Kita bisa melihat baru-baru ini dari tertangkapnya Bupati Tegal, harga jual tertinggi untuk jabatan adalah Kepala Dinas Pendidikan dan Kepala Sekolah. Selain itu dari perbincangan dengan beberapa orang teman istri yang lulusan sekolah keguruan, sebagian besar dari mereka tenaga honorer guru di Kabupaten Bandung setelah diangkat jadi PNS oleh pemerintah pusat malah bukan ditempatkan sebagai guru di sekolah mereka mengajar tapi dibuang ke instansi yang urus air, Dinas Perhubungan dan bahkan jadi administrasi di kelurahan. Beberapa dari mereka malahan telah lulus S2 keguruan. Beberapa jurnal di bidang pendidikan (yang nulis bule) juga menunjukkan hasil penelitian bahwa jika ingin menjadi guru maka harus ada setoran atau walau masuk dari formasi guru bisa ditransfer ke instansi lain. Biaya politik mahal di Indonesia bisa dibilang akan menghalangi negara untuk memilih guru hanya dari kemampuan dan passion. Hal yang menyebabkan walau ganti kurikulum, pelatihan, dan tunjangan hanya akan menambah cara kepala daerah untuk dapat dana setoran dari institusi pendidikan.

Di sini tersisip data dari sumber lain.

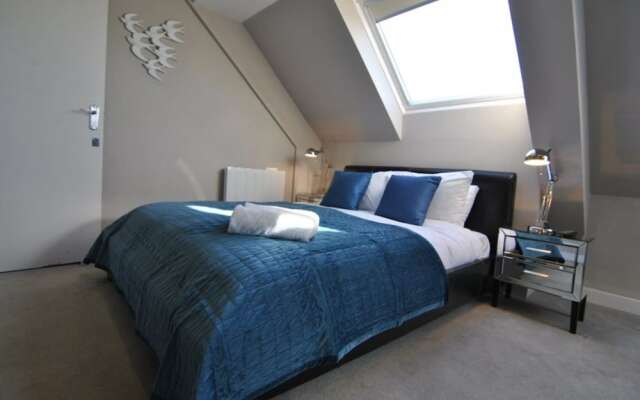 The Courtyard 10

Ujian Nasional sebenarnya bisa dibilang sebuah tool yang bagus. Tool yang bisa digunakan untuk menilai kinerja dari sekolah dan kelayakan murid untuk melanjutkan pendidikan. Namun, tentu saja sebuah institusi korup tidak akan bersedia dan mau di tes atas keandalan institusinya. Dan para orang tua yang tentu saja tidak mau anaknya menjadi aib, dicap anak bodoh karena memiliki nilai rendah. Maka dengan alasan fasilitas yang tidak memadai, tidak sama kualitas dan alasan lain yang membuat tool ini akhirnya tidak berguna dikeluarkan. Suatu hal yang unik dan aneh sebenarnya bahwa ujian yang habis dikritik oleh orang tua bukan institusi yang gagal mencapai target kinerja mereka.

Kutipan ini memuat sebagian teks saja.